[Esip-discovery] Relating services to datasets served, and datasets to available services
Mattmann, Chris A (388J)
chris.a.mattmann at jpl.nasa.gov
Thu Sep 1 12:51:50 EDT 2011
Hi Guys,
On Sep 1, 2011, at 6:54 AM, Lynnes, Christopher S. (GSFC-6102) wrote:
> Brian,
> I'm not completely opposed to the two-attribute solution, but unfortunately, adding ESIP specific attributes to the link element would make me want to go further. Specifically, I would want to go back to using standard values for the rel attribute, like "enclosure" instead of "http://..../data#" (Note 1). To disambiguate different kinds of enclosures, I would advocate an additional attribute, e.g., esip:enclosure_type="http://..../data#". Likewise, metadata would be rel=describedby, with a disambiguiator of esip:describedby_type="http://..../metadata#" and browse would be rel=icon, disambiguated by, well, you get the picture
> This would remove the single biggest discrepancy between the ESIP use of OpenSearch and the OGC use of OpenSearch. We might be technically compliant then.
> If we went that way, then I would back the two-attribute solution.
+1, I would favor standard rel="" values such as enclosure, with the additional metadata that Chris suggests.
Cheers,
Chris
>
> Note 1: "The value "enclosure" signifies that the IRI in the value of the href attribute identifies a related resource that is potentially large in size and might require special handling."
>
> On Aug 31, 2011, at 9:27 PM, Wilson, Brian D (335G) wrote:
>
>>
>> Chris,
>>
>> The reason (I think) that it relates to DCP-2 is that we need to consistently use the
>> <link> tag in all of the casting/discovery standards. I would like to have all the power
>> of the two attributes (rel to express purpose and protocol to express plumbing semantics)
>> in designing solutions like my proposed idea to "relate" service and dataset casts.
>>
>> If any solution besides choice 5 wins for DCP-2, then I'll still want to use the two-attribute
>> technique, but other folks will be doing it differently.
>>
>> Also, the "collection" rel in DCP-1 is already defined to point to a collection cast in the
>> documentation. This is exactly what I need.
>>
>> But let me return to the "point to a data file" case that DCP-2 is directly about.
>>
>> I would argue that putting the DAP URI in the rel attribute doesn't properly solve the problem.
>>
>> Eventually, people will have to write scripts to automatically process, display, and use the casts.

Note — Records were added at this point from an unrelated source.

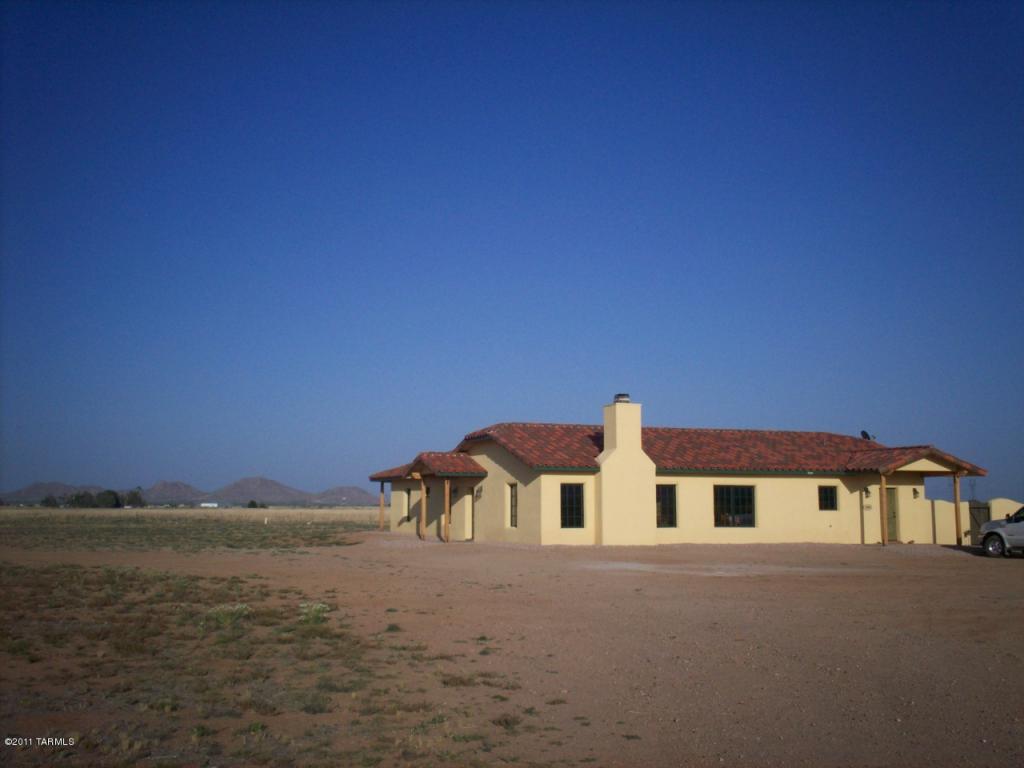 8660 N Layton Ln, Willcox, AZ 85643 photo 1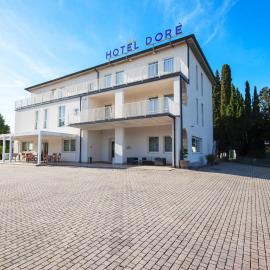 Hotel Dorè, hotelli kohteessa Castelnuovo del Garda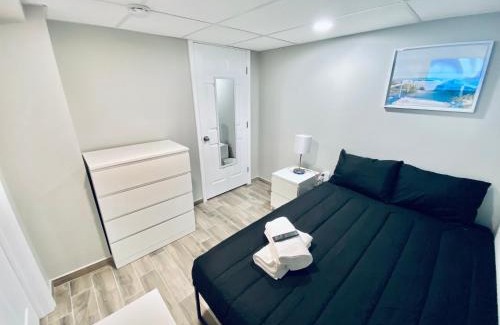 Haledon House | Bright, Stylish and Comfortable Room with Workspace!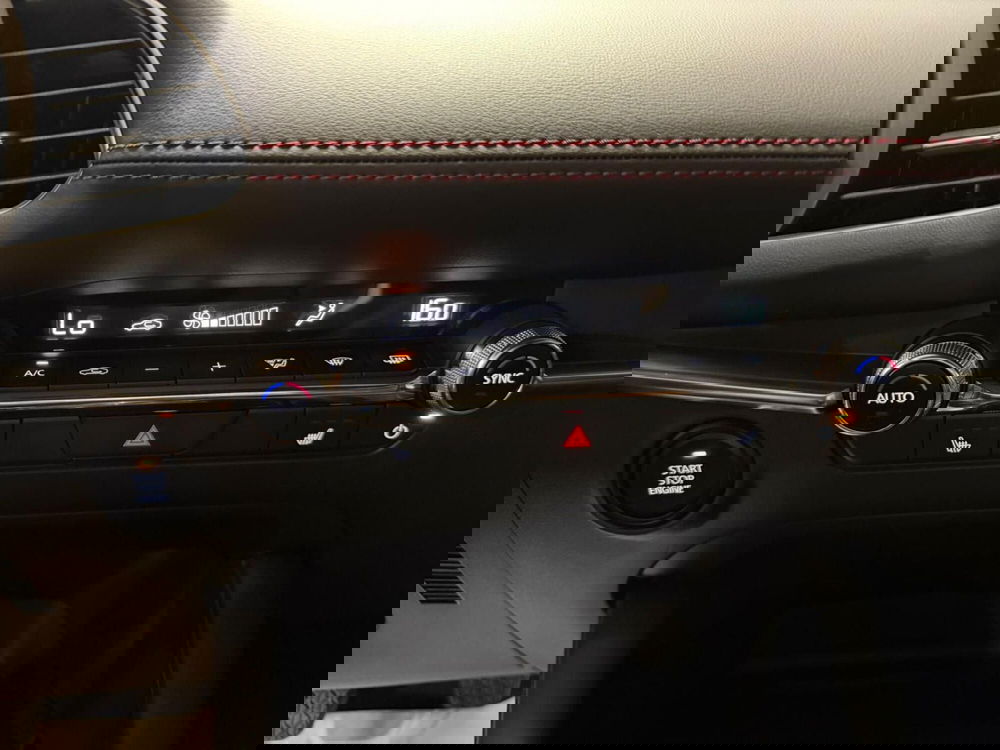 Mazda Mazda3 Hatchback nuova a Napoli (14)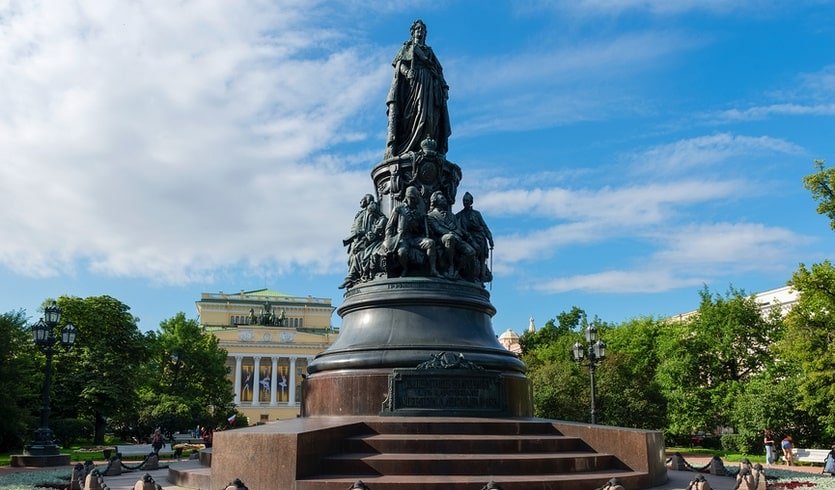 Блистательный Александринский театр – интерьерные экскурсии для заказных групп от 585 рублей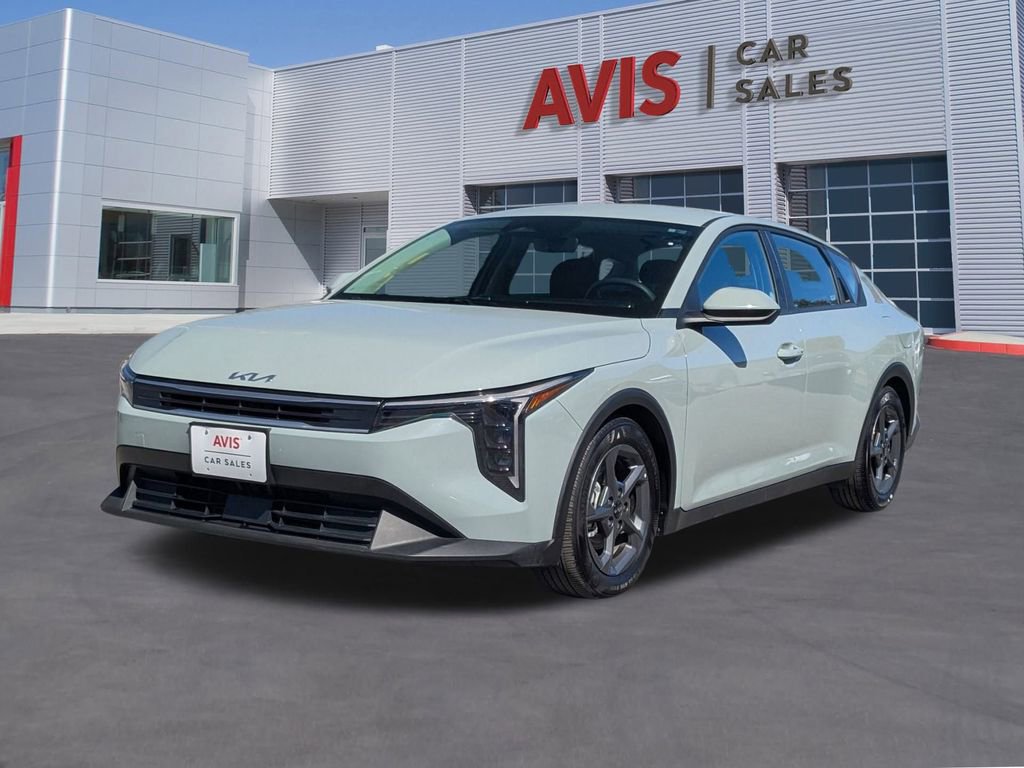 Used 2025 Kia K4 LXS video 1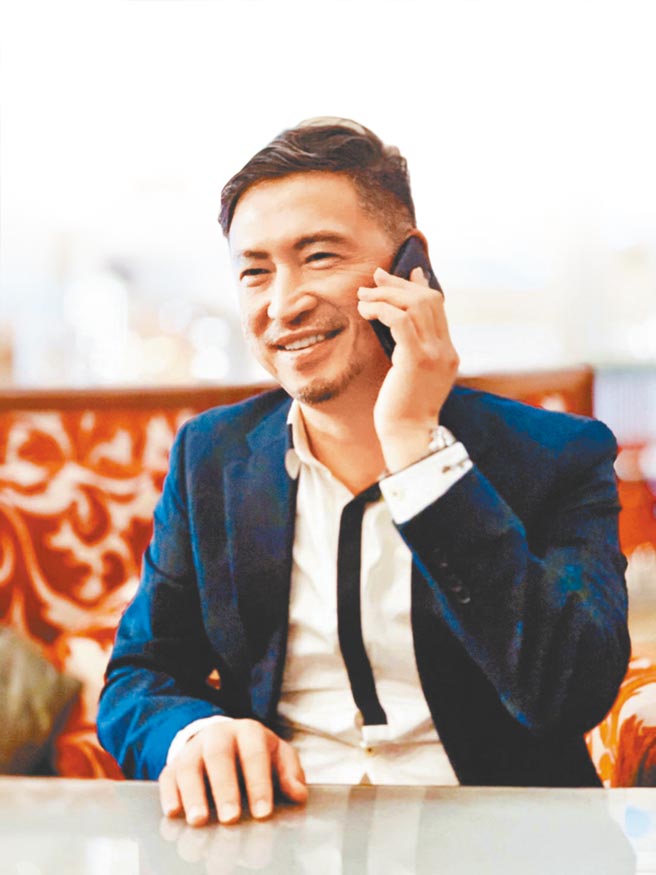 金沙两岸散文奖音频赛评审宋铭，建议朗读应注意情感重点。（宋铭提供）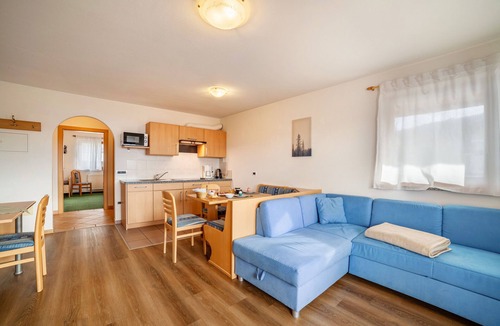 Meltina Apartment | Apartment 'Klausthaler Ferienwohnung B' with Mountain View, Shared Terrace and Wi-Fi
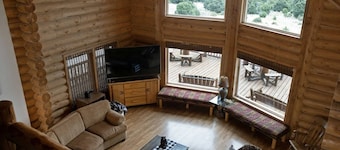 Blue Mountain Ranch: 7 Bedrooms, Sleeps 20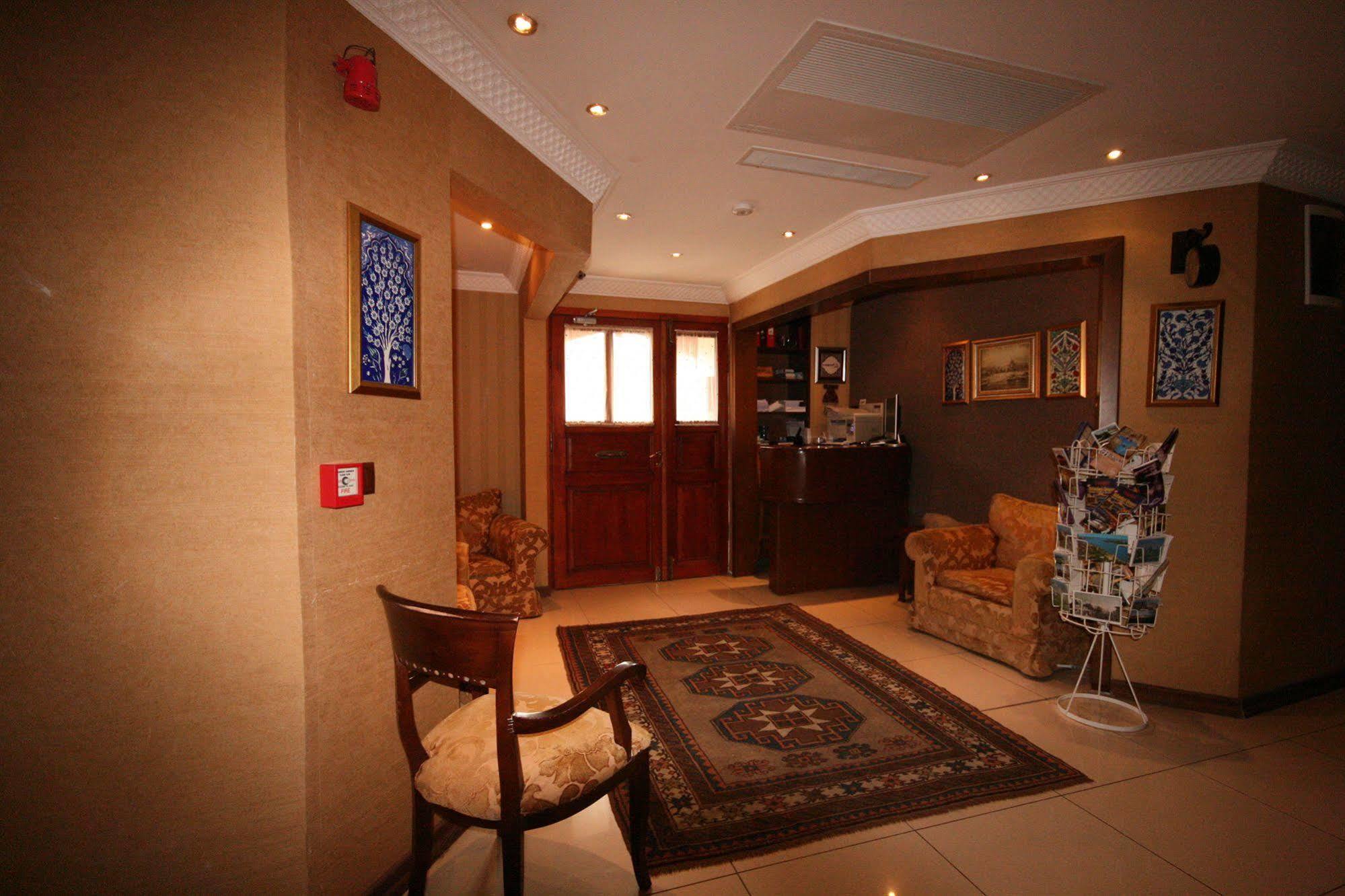 Mangana Konak Hotel Istanbul Bagian luar foto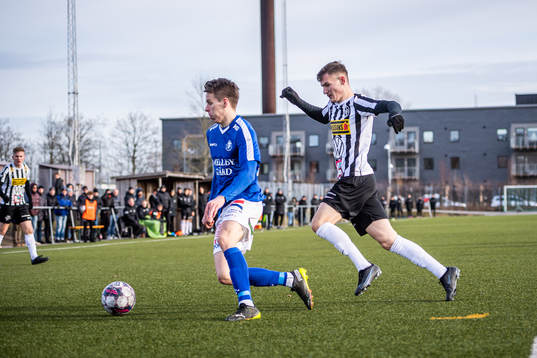 Trelleborgs Bödvar Bödvarsson och Landskronas Robin Dzabic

>> In DCP-1, multiple "generic" purposes were defined in the ESIP-discovery namespace for what
>> might appear in the 'rel' attribute of a <link> tag. Like, this points to a 'browse' image, or a
>> 'data' file, or a 'collection'. I think this a great and proper use of the rel attribute.
>>
>> So, any script can look for a <link> tag with rel='data' and know that they have found the link
>> that points to a data item. Of course, the data item might be a file pointed to by ftp or http,
>> or a DAP URL, or an OGC/WCS GetCoverage call.
>>
>> If we let all of the possibilities for how a data item might be accessed slip into the 'rel' attribute
>> as separate values, then to find the data item the script will have to look for a potentially
>> open-ended list of 'rel' values and see if one of them is DAP, OGC/WMS, OGC/WCS, webification,
>> etc. It will never be certain or easy to find the linked-to data item.
>>
>> I hope we are all in agreement that if there is a data item to be pointed to then it should be
>> the link with rel='data'.
>>
>> Given that basis, then the protocol to be used to get the data item, if not already
>> completely specified by the scheme in the HREF, can be specified with a versioned URI in
>> the second ('esip:protocol') attribute.
>>
>> The other alternative of jamming the DAP specifier at the end of the 'data' URI both violates
>> the proper of use fragments in URI's, and precludes the *hooks* that both the rel and
>> esip:protocol URI's could be de-referenceable in the future to provide additional information
>> and support extensions or additional purposes.
>>
>> These decisions are important since currently in DCP's 1 and 2 we are standardizing some
>> ground rules and reusable techniques that will be used in the design of all thecasting standards.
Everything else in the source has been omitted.